Upon the death of Dr. Donald P. Hansen in 2007, Dr. Holly Pittman moved the physical archive of the Al-Hiba Expedition to the University of Pennsylvania Museum of Archaeology and Anthropology. At this time, she initiated a project to create a fully digital archive of the excavation materials and to develop digital tools for the analysis and final publication of the expedition’s discoveries.
The physical archive consists of the records of six seasons of excavation. Paper records, including field notebooks, object records, pottery typology and daily sheets, architectural plans, sketches, and other miscellanea, form the core of the collection. In addition to scanning these assets, they were transcribed into digital form so that they could be searched during the analysis. Further, more than 15,000 negatives and slides were scanned and cataloged. Dr. Gabriel Pizzorno, Henry Bernberg, and Anne Bomalaski oversaw the scanning and scrubbing activities, which took 2.5 years.
Concurrent with the scanning activities, Dr. Pizzorno built a relational Filemaker database to structure the use of the digital records. This serves as the tool through which the publication project conducts its analysis of the pottery, small finds, architecture, and stratigraphy. Dr. Pizzorno and Mr. Bernberg also created a GIS version of the site plan and the excavated remains. In 2014, Reed Goodman took over responsibility for the development and maintenance of the database and the GIS mapping activities.

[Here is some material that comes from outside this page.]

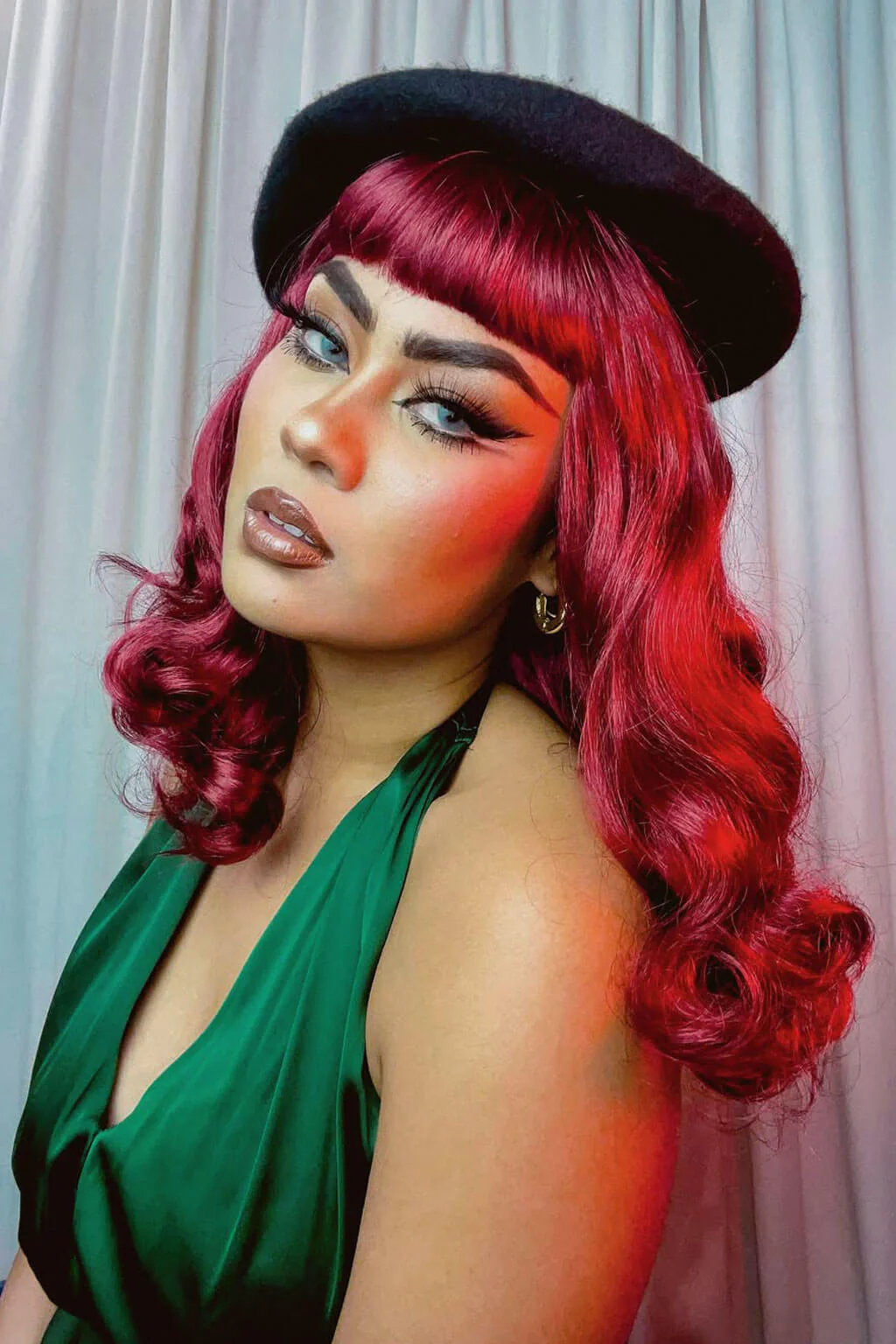 Cherry red pin-up style wig with long marcel waves: Sandra - Image 2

The first priority of the project is the final publication of the Area G excavations. This region was chosen because it is the earliest remains from the site and the excavations were more limited than elsewhere. The next two volumes will be on the material from Area A and Area B, which forms the basis for Darren Ashby’s dissertation. Area C will be the final task of the project.
Alongside the stratigraphic reconstruction of the areas, Steve Renette has undertaken a complete analysis of all of the pottery excavated at Tell al-Hiba. In the field, Dr. Edward E. Ochsenschlager served as the project ceramicist. Over the course of the excavations, he built a ceramic typology of more than 300 types and worked through more than 3,000 pottery records sheets from excavated contexts. Renette has refined the typology to around 160 types and supervised the input of all of the daily sheets into the project database. For publication, the pottery from Tell al-Hiba will appear in a separate volume. Both the Area G and pottery volumes are expected to be complete in Spring 2017.